Overall 3 *** important site, impressive scale and great setting
Display 2 ** site remains excellently consolidated, little information on site
Access 3 *** you can park in adjacent rugby club car park unless a match is on
Atmosphere 2 ** great impression, but far too pleasant for its original purpose!
Other 3 *** best amphitheatre in Britannia!
This is the only fully visible Legionary Amphitheatre in Britannia, and is another Mortimer Wheeler production, excavated in 1926-7.
It was constructed in cAD90 outside the South-West Gate of the Fortress on the Via Principalis, now called Broadway It is c80m by c65m in size and elliptical in shape. Its surviving lower part was made of stone and earth, with an upper part constructed of timber, forming a grandstand with tiers of wooden seating. It is calculated that it could hold the full 6,000-man complement of Legio II Augusta.

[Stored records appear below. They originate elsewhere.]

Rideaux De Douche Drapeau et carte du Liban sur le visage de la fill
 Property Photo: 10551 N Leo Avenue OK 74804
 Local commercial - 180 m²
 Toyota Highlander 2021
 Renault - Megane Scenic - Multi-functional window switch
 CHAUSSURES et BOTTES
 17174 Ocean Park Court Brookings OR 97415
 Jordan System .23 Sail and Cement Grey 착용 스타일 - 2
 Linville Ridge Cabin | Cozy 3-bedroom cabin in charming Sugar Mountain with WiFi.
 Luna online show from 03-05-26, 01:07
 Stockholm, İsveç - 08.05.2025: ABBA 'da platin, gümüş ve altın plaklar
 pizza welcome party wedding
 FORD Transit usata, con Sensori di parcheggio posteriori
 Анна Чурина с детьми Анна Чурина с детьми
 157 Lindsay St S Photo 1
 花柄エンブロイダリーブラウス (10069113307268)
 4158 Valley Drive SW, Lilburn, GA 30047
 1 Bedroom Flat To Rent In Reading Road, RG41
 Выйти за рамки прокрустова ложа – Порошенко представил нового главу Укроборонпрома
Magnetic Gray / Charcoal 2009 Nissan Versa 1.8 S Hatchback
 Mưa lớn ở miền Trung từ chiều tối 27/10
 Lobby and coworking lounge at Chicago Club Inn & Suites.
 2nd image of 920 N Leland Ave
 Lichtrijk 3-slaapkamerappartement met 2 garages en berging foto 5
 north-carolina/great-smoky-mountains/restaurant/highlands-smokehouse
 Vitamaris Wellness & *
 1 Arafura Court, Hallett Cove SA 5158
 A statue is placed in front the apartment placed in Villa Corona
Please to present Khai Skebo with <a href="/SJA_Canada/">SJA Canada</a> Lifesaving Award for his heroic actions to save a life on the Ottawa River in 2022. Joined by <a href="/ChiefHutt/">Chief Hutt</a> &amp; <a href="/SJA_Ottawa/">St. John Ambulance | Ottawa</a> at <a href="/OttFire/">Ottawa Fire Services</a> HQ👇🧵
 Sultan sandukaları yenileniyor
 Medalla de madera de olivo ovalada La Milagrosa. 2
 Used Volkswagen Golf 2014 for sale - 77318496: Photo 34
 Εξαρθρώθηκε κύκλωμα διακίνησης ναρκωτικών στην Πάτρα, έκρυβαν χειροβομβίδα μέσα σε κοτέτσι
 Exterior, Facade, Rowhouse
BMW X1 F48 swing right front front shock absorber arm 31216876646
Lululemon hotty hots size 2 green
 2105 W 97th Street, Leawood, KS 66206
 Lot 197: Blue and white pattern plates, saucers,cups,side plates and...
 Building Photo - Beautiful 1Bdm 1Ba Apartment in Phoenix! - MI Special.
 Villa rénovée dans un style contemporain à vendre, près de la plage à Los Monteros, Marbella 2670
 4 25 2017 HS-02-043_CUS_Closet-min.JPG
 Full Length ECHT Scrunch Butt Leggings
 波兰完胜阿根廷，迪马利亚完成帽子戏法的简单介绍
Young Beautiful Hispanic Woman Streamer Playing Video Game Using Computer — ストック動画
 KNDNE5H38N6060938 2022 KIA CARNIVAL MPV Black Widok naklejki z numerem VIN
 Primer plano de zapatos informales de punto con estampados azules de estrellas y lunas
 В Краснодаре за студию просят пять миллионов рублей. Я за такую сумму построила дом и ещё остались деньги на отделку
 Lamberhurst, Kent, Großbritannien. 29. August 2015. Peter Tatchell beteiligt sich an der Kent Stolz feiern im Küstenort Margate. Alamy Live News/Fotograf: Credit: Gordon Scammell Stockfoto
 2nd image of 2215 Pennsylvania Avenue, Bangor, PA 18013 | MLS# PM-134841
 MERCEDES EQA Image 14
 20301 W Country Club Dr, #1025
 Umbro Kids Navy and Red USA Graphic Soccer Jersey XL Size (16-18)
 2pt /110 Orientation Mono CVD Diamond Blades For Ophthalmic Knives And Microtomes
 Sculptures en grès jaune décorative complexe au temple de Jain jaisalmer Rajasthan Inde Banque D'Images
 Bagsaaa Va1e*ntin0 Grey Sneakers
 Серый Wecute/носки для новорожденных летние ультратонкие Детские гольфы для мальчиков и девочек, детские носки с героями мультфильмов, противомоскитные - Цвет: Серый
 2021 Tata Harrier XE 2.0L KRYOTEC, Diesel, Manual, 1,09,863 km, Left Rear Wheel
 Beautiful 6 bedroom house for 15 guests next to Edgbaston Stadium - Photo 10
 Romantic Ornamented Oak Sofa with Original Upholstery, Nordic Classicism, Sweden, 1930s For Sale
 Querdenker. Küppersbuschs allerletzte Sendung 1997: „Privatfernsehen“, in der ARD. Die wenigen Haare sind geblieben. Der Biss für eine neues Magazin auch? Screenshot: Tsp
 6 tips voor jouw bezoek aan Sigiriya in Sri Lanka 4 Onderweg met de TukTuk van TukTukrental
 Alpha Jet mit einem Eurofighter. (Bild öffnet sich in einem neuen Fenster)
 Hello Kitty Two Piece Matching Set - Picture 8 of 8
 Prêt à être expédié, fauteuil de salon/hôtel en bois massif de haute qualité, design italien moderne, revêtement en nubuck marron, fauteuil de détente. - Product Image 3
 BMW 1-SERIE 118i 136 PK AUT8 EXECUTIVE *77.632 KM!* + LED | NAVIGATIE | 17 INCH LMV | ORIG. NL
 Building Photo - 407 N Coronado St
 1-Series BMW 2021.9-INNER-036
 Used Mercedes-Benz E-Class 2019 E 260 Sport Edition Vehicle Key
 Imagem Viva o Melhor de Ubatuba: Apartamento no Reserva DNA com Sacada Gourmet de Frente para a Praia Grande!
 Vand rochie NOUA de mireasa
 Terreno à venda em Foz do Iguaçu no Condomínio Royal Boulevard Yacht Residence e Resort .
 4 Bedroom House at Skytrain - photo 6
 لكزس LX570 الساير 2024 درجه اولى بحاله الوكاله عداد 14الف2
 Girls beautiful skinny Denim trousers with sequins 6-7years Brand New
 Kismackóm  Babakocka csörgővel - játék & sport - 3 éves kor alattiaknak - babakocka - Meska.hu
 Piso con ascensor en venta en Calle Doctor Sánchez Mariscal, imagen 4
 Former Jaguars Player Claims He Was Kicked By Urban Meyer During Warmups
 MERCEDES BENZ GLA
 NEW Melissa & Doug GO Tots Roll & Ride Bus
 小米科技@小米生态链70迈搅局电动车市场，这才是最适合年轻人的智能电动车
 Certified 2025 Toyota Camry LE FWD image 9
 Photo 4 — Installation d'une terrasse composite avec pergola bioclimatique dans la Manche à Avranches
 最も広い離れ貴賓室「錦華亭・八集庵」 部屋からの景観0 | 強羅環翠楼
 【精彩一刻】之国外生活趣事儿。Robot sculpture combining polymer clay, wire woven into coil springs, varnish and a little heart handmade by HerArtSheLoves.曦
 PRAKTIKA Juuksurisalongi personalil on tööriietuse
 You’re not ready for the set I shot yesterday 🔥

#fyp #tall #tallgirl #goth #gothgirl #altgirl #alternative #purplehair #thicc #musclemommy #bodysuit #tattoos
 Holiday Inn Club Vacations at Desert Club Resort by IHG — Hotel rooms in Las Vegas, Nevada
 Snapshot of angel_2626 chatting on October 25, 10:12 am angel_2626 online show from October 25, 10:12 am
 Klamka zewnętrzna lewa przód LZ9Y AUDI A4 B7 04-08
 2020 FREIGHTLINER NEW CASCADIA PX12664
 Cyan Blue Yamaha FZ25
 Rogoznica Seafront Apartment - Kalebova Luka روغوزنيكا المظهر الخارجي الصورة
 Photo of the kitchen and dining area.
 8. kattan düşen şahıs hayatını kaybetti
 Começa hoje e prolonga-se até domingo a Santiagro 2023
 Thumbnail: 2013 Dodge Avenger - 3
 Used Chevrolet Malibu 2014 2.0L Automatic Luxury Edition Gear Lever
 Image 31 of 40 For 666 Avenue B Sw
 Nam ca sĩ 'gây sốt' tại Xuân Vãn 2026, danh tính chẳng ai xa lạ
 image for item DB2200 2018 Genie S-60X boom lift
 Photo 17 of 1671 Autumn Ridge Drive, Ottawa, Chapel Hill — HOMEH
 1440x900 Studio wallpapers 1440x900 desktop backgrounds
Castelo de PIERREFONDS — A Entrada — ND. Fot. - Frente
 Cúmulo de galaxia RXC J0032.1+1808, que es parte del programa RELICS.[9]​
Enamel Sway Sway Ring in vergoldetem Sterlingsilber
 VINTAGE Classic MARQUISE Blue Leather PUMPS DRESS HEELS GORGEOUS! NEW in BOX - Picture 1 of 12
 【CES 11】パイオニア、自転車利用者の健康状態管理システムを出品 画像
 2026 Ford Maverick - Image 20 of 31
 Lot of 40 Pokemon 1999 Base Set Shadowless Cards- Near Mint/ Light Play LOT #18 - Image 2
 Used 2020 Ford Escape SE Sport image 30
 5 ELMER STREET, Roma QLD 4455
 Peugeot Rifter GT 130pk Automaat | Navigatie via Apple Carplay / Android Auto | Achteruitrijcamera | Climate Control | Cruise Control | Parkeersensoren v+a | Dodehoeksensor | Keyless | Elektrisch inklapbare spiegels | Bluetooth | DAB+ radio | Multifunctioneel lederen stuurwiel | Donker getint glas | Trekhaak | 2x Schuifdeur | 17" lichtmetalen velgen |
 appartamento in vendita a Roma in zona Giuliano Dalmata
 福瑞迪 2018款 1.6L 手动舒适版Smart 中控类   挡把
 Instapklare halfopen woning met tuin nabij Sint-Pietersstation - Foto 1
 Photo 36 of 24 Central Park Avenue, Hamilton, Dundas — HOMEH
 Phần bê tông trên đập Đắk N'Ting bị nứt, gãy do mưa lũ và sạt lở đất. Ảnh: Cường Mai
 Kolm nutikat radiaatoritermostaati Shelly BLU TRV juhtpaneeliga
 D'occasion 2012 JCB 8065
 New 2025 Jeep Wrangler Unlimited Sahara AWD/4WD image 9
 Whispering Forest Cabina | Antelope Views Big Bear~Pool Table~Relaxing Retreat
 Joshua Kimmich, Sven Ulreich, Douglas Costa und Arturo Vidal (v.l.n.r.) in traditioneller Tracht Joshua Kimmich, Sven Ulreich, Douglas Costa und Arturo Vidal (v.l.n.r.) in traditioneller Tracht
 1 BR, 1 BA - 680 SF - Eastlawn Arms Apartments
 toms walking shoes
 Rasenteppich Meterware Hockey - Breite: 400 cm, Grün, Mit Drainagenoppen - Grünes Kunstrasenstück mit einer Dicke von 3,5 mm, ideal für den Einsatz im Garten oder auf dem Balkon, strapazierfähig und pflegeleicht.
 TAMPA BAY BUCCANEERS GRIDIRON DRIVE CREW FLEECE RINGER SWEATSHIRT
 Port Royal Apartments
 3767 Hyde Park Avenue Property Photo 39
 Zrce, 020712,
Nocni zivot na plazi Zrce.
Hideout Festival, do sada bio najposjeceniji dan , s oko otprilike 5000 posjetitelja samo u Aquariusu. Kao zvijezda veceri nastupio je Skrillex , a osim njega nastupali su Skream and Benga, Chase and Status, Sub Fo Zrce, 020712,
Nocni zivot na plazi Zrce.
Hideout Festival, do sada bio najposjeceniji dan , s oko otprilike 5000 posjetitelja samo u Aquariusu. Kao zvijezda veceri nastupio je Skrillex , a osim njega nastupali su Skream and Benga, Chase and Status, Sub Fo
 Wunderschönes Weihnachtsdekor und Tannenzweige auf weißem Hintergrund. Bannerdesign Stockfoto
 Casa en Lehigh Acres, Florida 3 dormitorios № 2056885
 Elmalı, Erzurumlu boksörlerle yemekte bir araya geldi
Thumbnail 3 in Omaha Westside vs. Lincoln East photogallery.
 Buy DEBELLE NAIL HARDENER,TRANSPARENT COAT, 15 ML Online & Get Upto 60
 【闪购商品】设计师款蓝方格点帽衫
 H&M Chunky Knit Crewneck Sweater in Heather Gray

There are two processional entries facing each other on the long axis, and two other entrances with waiting rooms for gladiators, prisoners and beasts, facing each other on the short axis. The legionary stonemasons included inscribed stones with the name of the centurion of the Century that had built that section, sometimes with the Capricorn badge of II Augusta. The originals are now in the Legion Museum, but replicas have been put in place and can be spotted.


There is a niche on the East with a shrine to Nemesis, which was identified by a curse tablet found nearby. This added in 212-22, dated by brick work dating to Caracalla when Leg II Augusta held the title of Antonina.
Together with the vast Baths Complex, the Amphitheatre gives you an insight into the daily world of a Roman Legionary – certainly, in the late 1st and 2nd Centuries, not a humble ‘grunt’ but an accomplished professional military engineer, probably literate, well-paid and forming the sinews that held the Empire together. A grateful Emperor and Respublica would provide him with all the comforts that could be built – not just bread and circuses, but baths and regular donatives of cash on special occasions. As Septimius Severus said to his sons on his deathbed, ‘Be harmonious, enrich the soldiers, scorn everybody else’.
Most Roman amphitheatres have a thoroughly miserable and acutely depressing atmosphere; you only have to think of what happened in them. However, at Caerleon, where the grass is frequented by picnicking families and boys kicking footballs, it is actually quite cheerful.
Unlike the rest of Caerleon, on site the information provided is meagre, so you need Cadw’s well-illustrated guide to the Fortress.